Stella May I know how you made Beef Stroganoff?
Of course you may. As you are probably starting to realize I really like comfort foods and I am realizing that comfort foods are quite easy to make! For today's Tutorial Tuesday post, I am making the classic Beef Stroganoff.If I were in a normal kitchen then I would have two pots going at once: one for cooking the pasta and one for cooking the beef. But alas I am cooking on a tiny burner and it's faster for me to cook this dish one pot at a time. So first I make the beef pot with mushrooms, onions, and garlic. The pile closest in the picture is actually the stems of the mushrooms! I find that even though they are tougher to eat, they still impart lots of flavor. That's why I have really minced the stems so after cooking it just kind of dissolves as they cook in the pot.
Have the stove on the highest setting with lots of butter in it and have the beef seasoned with salt and pepper ready. I used chunks of rib eye beef here, but chuck will do just fine. (&if you prefer slices instead of cubes, that's also tasty.)
Brown the beef on each side.
Take out the beef and lower the heat to medium. Add in the sliced onions and season with salt and pepper. (Remember to season at every step! This makes sure every ingredient is seasoned.)
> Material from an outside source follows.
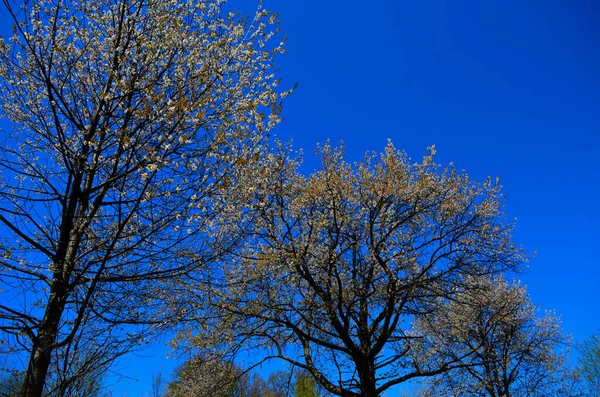 Blommande Körsbärsträd Solig Dag Säsongsbunden Bakgrund Blommar Ren Scenisk Bild — Stockfoto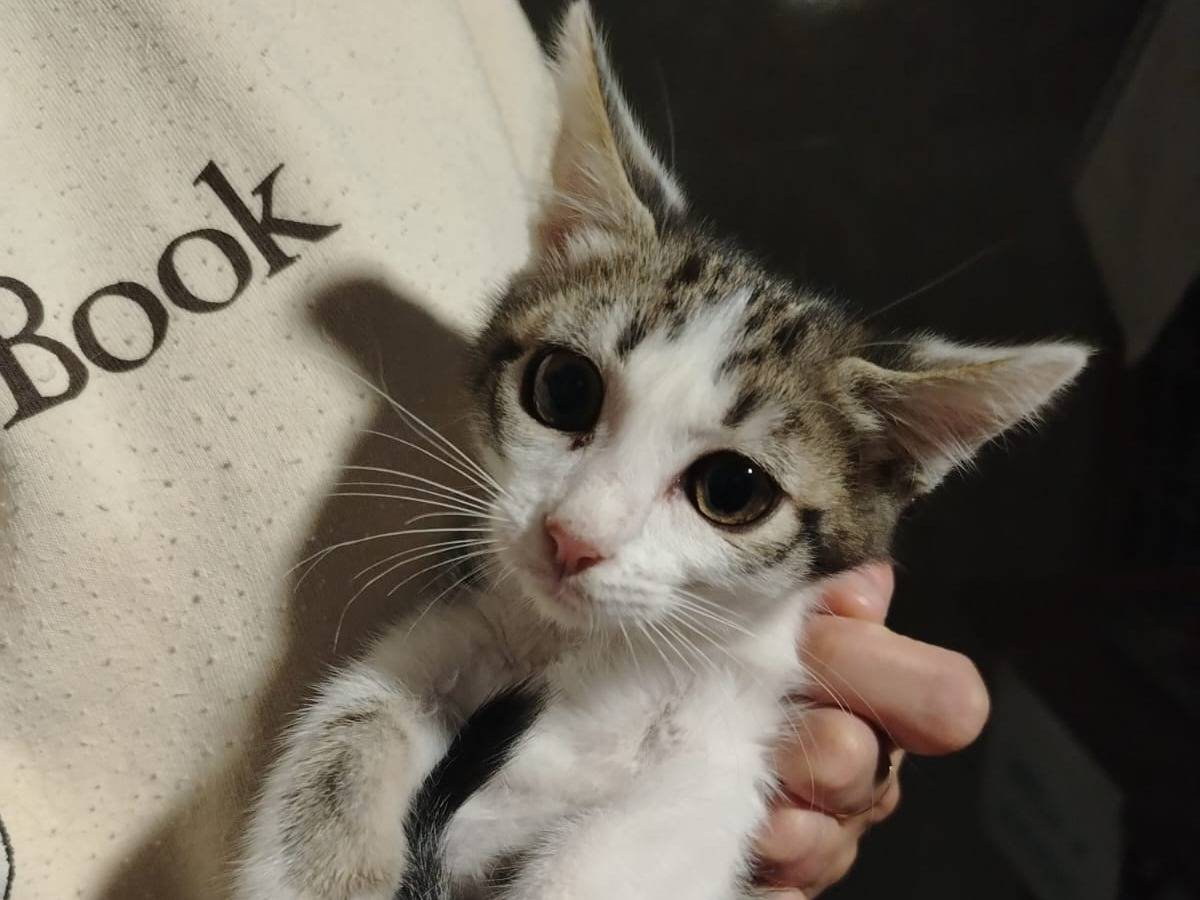 Adotta un gatto, maschio, 4 mesi, Brescia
After the onions become translucent then add in the mushrooms (and stems) and garlic.
Cook the mushrooms and garlic until they have soften a little. Then you want to deglaze the pan. If I had white wine this is when I would add it, but I didn't so I just had a little more stock in the mix (in a separate bowl: flour, beef stock, Worcestershire sauce.)
Stir and make sure the mix added has incorporated with the onions and mushrooms. Return the beef to the pot and simmer for 15 minutes. This is when I switch the pots and use this stronger stove to cook the egg noodles. Cook according to package directions, strain the noodles out and toss in butter and parsley.
Add in a splash of cream or dollop of sour cream (or plain Greek yogurt) to the beef. Then all that's left is plating! If I used fresh parley there would be a really pretty sprig right on top.
I know we are in the tail of summer, but I still like to make lots of warm, comforting foods. This recipe was super delicious and make me like using the beef bouillon. Me and Mister like the idea of bee bouillon, but we haven't found one that suited our taste. The Worcestershire Sauce alters the beef bouillon and together it enhances the beefiness in the dish.
Beef Stroganoff serves 2-4
What you'll need:
Wide egg noodles
4 tablespoons (+2 tablespoons for the pasta) butter
chopped parsley, optional
1 pound thinly-sliced or cubed steak. seasoned with salt and pepper
1 small onion, thinly sliced
4 cloves garlic, minced
1 pound sliced mushrooms (with stems finely minced)
1/2 cup white wine, optional
2 cups beef broth (if using wine then subtract from broth)
1 tablespoon Worcestershire sauce
3 tablespoons of flour
1/2 cup plain Greek yogurt, sour cream or splash of cream
Melt the butter in a large pan over high heat. Then add in the beef and brown on all sides. If using a smaller pan then brown the beef in two batches. When all sides are browned, set aside. 2. Lower to medium heat and add in the onions. Cook until translucent, about 5 minutes, then add in mushrooms and garlic. Cook until mushrooms soften a little. 3. Deglaze the pan with the wine and cook until the alcohol is out. (skip this step if not using wine.) 4. Mix together beef broth, Worcestershire sauce, and flour and add into the pot. Scrape up the bits gathered on the bottom of the pan and stir until combined. Bring to a boil and add back the beef. Simmer for 15 minutes. 5. Cook egg noodles according to package directions and then drain and toss with butter (I used 2 tablespoons) and parsley. 6. After pasta is done, add in the yogurt/cream to the beef and taste for seasoning. 7. Plate and serve!